Menari Village, Papua New Guinea

The Black Cat Track is not another four-wheel drive track that I have discovered in Outback Australia, but for those with a little more than a passing interest in Australian Military history will recognise it as a significant battle ground in Papua New Guinea.

Many will be familiar with the story of the Kokoda Track.

Military historians have written often of the bravery and courage shown by those involved in the New Guinea campaign, especially along the Kokoda Track, and no doubt there are countless stories of others whose sacrifices and bravery are known only to a higher authority.

Today, many Australian’s in increasing numbers are walking the Kokoda Track to pay homage to those Australian’s and Papua New Guinean Nationals, affectionately known as the Fuzzy Wuzzy Angels, who fought to defend Australia and Papua New Guinea. Most, if not all, are moved by the experience, especially after gaining only a glimpse of the conditions they would have experienced and the enormity of the task they faced against the highly-trained Japanese invasion force.

In the mid 1980’s my partner, Janet-Planet, and I lived in Papua New Guinea and we relished the opportunity to travel and work in a country that was so close to ‘home’ but was so  culturally different to Australia

The experience was humbling at times.

Before leaving the country one of my National colleagues said that I would return on many occasions in the future. Of course I said I would love to, but he was insistent, telling me that he ‘knew’ things of the future.

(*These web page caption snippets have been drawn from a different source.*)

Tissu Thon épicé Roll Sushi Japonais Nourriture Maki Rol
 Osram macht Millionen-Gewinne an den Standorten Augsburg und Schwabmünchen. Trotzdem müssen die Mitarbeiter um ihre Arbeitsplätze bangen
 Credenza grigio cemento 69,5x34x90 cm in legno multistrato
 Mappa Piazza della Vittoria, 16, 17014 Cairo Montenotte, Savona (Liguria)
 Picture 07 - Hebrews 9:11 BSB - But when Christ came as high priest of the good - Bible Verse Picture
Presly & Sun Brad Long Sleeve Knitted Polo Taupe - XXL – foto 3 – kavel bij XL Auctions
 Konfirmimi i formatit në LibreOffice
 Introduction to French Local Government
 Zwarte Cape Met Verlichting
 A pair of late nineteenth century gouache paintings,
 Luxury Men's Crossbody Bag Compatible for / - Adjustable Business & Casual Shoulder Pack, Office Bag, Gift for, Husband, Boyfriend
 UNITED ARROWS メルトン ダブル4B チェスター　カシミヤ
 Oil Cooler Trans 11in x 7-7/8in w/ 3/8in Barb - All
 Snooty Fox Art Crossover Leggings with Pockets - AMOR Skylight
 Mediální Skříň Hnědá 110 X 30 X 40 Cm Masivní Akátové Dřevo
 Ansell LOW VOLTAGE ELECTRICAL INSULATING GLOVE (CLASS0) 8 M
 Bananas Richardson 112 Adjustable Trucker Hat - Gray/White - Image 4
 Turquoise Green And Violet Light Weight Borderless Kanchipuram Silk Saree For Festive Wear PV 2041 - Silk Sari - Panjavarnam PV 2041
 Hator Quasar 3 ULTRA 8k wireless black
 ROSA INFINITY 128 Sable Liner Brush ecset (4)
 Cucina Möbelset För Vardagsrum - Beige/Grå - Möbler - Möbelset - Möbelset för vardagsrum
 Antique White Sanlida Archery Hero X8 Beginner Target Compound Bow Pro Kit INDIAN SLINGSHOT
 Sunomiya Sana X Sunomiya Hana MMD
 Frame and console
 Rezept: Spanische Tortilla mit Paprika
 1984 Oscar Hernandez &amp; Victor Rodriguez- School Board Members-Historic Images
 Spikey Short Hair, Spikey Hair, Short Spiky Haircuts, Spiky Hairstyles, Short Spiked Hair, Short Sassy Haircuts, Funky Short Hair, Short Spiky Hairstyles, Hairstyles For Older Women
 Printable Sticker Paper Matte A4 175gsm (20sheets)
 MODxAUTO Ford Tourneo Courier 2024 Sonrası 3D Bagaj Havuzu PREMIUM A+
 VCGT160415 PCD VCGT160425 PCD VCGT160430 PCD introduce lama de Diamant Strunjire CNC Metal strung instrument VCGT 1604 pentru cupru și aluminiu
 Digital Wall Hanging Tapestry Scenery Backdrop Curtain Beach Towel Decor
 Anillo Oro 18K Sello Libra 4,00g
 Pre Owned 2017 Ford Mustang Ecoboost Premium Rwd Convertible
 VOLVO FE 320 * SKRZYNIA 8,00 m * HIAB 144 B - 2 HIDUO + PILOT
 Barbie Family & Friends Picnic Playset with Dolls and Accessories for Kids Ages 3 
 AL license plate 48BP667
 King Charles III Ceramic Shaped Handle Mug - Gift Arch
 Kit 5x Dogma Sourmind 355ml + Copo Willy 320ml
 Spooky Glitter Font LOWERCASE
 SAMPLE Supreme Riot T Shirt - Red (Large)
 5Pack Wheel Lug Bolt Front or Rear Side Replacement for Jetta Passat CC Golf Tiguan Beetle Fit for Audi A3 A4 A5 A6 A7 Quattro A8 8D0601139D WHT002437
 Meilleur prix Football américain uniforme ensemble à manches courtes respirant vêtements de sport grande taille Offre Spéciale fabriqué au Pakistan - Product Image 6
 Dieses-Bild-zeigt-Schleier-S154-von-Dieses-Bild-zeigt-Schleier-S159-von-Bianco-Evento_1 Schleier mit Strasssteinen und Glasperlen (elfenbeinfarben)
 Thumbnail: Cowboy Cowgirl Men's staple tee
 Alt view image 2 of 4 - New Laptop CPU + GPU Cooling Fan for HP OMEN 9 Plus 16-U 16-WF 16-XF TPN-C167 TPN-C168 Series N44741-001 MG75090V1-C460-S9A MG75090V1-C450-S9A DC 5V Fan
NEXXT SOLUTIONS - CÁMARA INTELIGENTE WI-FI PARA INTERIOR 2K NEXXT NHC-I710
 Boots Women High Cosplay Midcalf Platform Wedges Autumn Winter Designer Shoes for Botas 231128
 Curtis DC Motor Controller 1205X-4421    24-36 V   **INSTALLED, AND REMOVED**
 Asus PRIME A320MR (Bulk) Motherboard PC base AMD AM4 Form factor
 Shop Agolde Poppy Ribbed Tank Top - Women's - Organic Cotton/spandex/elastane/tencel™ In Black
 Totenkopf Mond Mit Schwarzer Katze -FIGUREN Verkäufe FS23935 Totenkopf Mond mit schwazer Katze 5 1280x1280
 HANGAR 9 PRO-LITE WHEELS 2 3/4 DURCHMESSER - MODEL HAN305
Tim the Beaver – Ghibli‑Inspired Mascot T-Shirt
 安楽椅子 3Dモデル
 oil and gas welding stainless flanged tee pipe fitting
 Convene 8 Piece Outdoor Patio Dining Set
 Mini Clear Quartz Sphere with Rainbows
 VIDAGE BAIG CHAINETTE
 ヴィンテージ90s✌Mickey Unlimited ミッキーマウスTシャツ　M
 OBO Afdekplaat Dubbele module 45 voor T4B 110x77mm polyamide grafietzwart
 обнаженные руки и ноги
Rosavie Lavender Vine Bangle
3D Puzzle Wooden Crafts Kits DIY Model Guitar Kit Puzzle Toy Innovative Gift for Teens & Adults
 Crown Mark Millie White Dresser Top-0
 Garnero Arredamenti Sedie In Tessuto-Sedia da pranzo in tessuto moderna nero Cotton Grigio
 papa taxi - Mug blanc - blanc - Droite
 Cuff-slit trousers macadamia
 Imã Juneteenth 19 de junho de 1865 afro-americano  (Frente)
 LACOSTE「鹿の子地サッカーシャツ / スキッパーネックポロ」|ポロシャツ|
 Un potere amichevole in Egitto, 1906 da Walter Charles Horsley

And he was correct, since leaving I have returned twice, once for work in the mid 1990’s, and the second to walk the Kokoda Track in 2006.

I have always had a deep interest in Australian Military history and the Anzac Spirit; the Australian commitment to one’s mate that is legendary and unique amongst the World’s fighting forces; on the sporting field, anywhere for that matter. And it was with that in mind that I found myself walking the Kokoda Track with a ‘mate’ in 2006.



We visited many battlefields; sang ‘Danny Boy’ in honour of Butch Bissett at the site that his brother, Stan, nursed him to his death, and stood in silence to the fallen at Bomana War Cemetery just outside of the country’s capital, Port Moresby.

The countryside was amazing and the people warm and welcoming.

Ten years later and I am to ‘return’ once again.

In May next year I will be travelling to Papua New Guinea, this time to trek the Black Cat Track in the country’s Morobe Province.

Yes it sounds like a long time off, but time flies, right, especially when you are trying to get your fitness “up to speed”.

Partnering up with a group of like-minded people we will be guided by Aidan Grimes, an Irishman with a great sense of humour and who now calls Australia home. Aidan’s experience and knowledge of the battlefields of this region are unparalleled and with this knowledge in hand he will help us retrace the steps taken by those who fought in this region over 60 years ago, expertly guiding us through the jungle and over mountains.

Although we will never be able to walk in the boots of those that trod this region during the War Days……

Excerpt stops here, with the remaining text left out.